A Simple, Almost Magical Formula For Getting Any Startup Or Product To Work

A couple of years before Pinterest came out, I created Pinterest. Or rather, I created a really crappy proto-Pinterest.

My website allowed you to paste in a URL from the Internet, and it would grab the photo and description. Then you could put whatever it was in one of three collections: Things You Have, Things You Want, Things You Like.

Tragically — even though I built it earlier — I didn’t release it until after Pinterest. 2010 happened, Pinterest dropped, and I panicked. I hurriedly released my site and got a few tech blogs to write about it, and…crickets. People signed up for my site and never came back. They didn’t really want what I offered; at least not the way I’d set it up. And I’d agonized over those features for years!

And Pinterest, well, it’s Pinterest now.

A few things happened here that taught me one of my most enduring lessons in building startups and products. Analyzing what I did wrong led to a pretty simple framework — a sort of startup magic formula I’ve been using ever since. And it works!

Here’s a quick summary of mistakes I made that time around:

  • I kept stalling the launch of my product, deciding that it wouldn’t work without X, Y, or Z new feature, which I would then have to build.
  • I was hesitant to show my baby to people until it was perfect. I didn’t want to blow my shot at impressing everyone. Of course my friends were all praise and encouragement, but friends are friends.
  • I came into the business with a whole laundry list of assumptions: about what people wanted; about what I needed to do to get people using my product; about what was important for the success of my startup. But experience repeatedly taught me that what I’d assumed at the outset simply wasn’t true.
  • In general, I held on to my early ideas about what the thing needed to be like for…way too long. Then I was out of money and out of steam.
“A mesmerizing read for anyone looking to up-level their leadership skills.” –Kathryn Minshew, CEO of The Muse

Over the years, I’ve seen other entrepreneurs make these same mistakes time and again.

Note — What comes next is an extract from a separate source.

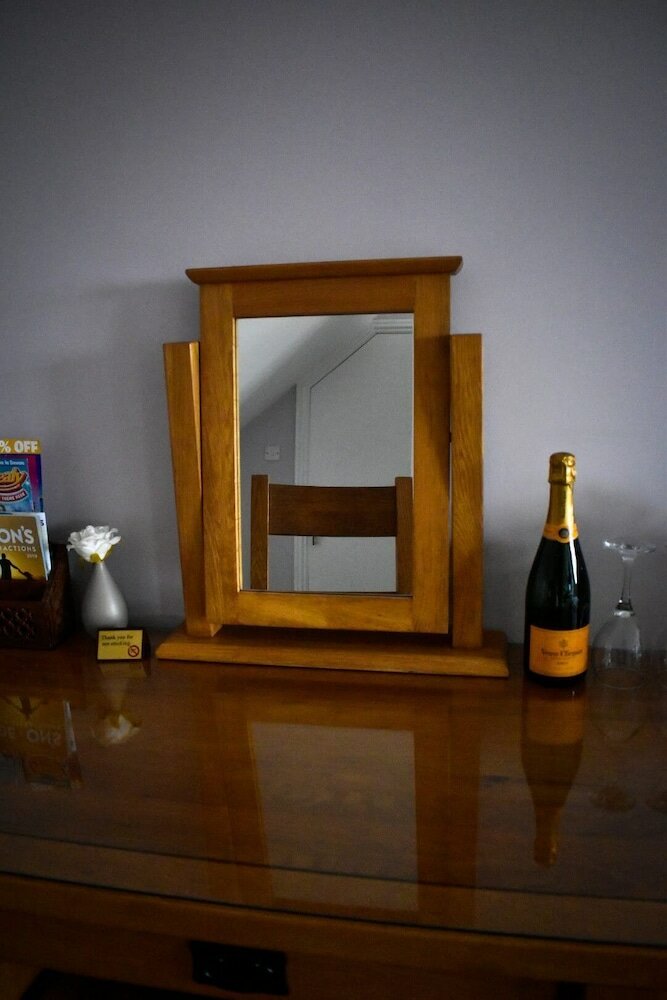 Фото Tlc Exmouth Bed and Breakfast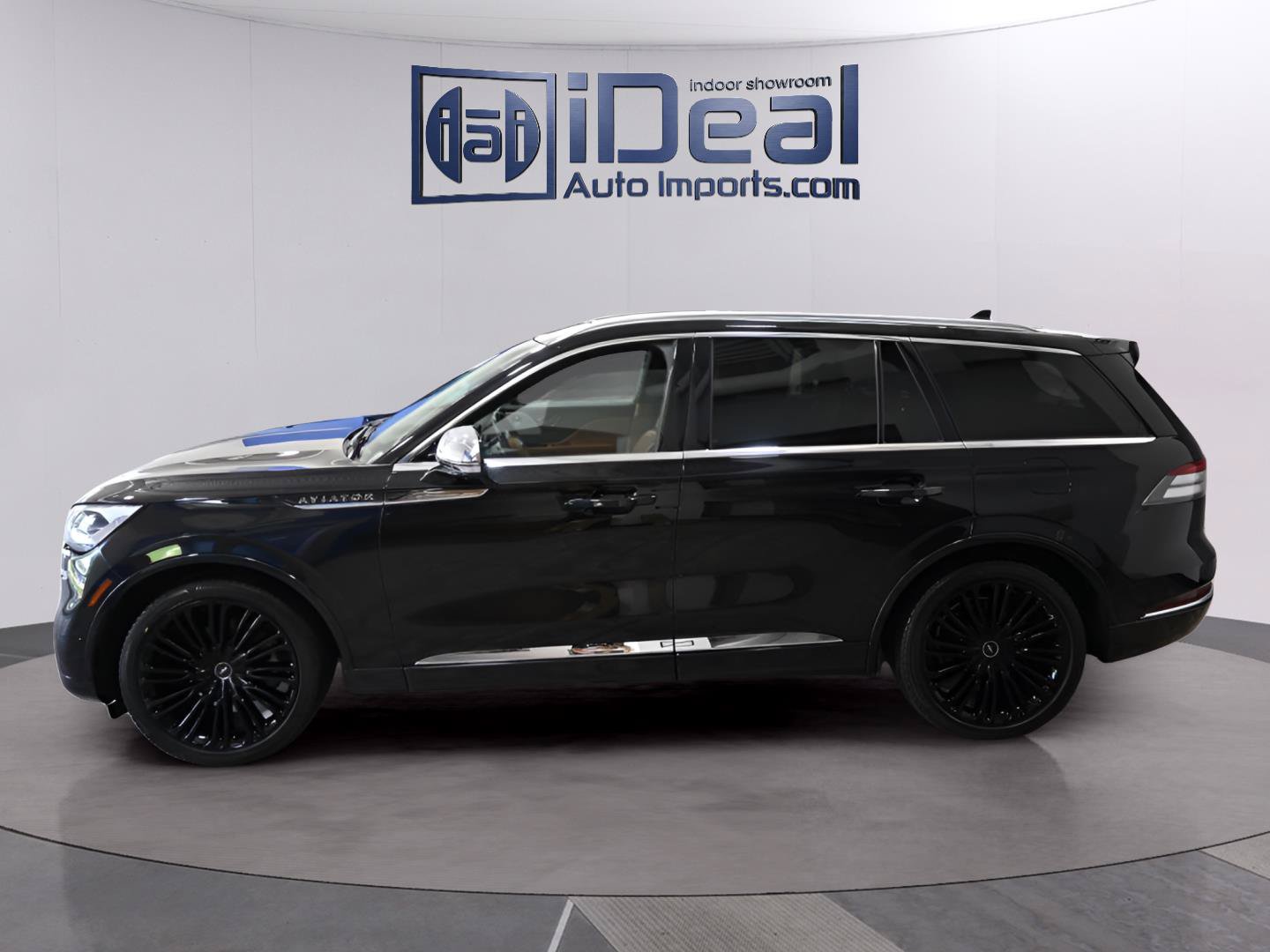 Used 2021 Lincoln Aviator Black Label w/ Dynamic Handling Package AWD/4WD image 2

Whenever friends or acquaintances come to me with startup ideas, asking for advice, I always tell them this same thing:

When creating a startup or product, your job is to make a list of assumptions that must be true for it to work, and then…

ELIMINATE THEM! The quicker the better. Anything else is a waste of time and money.

Say you’re launching a lemonade stand. You might be assuming any number of things: a) that people like lemonade; b) that people like YOUR lemonade; c) that people are willing to pay actual U.S. dollars for your lemonade; d) that you can make people aware of the fact that your lemonade even exists; e) that there will be enough of these clued-in citronophiles (CICs) out there to make it worth your while; f) that you can get your lemonade into the hands of said CICs before it goes rancid… And so on, and so on.

Neophytes (like I was) will launch their lemonade stand on a dream and a prayer. Squeeze some lemons. Mix it according to our own individual preference. Set up shop. Wait for Whole Foods to come knocking.

Then we wonder why we’ve got a fifty-gallon drum of rancid lemonade sitting in the garage.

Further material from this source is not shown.